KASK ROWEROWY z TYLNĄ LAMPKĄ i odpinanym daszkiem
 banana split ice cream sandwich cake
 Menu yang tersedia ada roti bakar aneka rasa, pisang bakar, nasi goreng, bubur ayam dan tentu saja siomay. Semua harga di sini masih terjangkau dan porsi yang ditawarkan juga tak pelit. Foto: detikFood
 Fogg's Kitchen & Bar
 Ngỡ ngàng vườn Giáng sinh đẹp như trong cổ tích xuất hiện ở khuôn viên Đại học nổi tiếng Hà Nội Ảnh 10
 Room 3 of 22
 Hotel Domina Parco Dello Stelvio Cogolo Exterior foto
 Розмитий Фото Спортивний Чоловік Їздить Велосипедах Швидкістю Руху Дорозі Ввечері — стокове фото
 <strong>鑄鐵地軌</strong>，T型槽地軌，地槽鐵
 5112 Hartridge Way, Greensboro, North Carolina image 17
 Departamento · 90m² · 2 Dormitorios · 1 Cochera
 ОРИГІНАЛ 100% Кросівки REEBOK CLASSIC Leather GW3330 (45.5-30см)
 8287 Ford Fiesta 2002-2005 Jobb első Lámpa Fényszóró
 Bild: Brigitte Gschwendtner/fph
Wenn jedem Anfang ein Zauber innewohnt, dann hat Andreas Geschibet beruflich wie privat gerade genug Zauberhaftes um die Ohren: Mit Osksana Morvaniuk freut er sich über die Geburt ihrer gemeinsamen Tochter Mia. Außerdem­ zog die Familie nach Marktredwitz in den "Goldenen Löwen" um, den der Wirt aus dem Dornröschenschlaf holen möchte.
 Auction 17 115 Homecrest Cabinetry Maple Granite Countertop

-- REQUIRED ACTION --
Using the line that contains "Wenn jedem Anfang" as the first, reproduce each line exactly through the last line of the listing.

-- EXPECTED OUTPUT --
Wenn jedem Anfang ein Zauber innewohnt, dann hat Andreas Geschibet beruflich wie privat gerade genug Zauberhaftes um die Ohren: Mit Osksana Morvaniuk freut er sich über die Geburt ihrer gemeinsamen Tochter Mia. Außerdem­ zog die Familie nach Marktredwitz in den "Goldenen Löwen" um, den der Wirt aus dem Dornröschenschlaf holen möchte.
 Auction 17 115 Homecrest Cabinetry Maple Granite Countertop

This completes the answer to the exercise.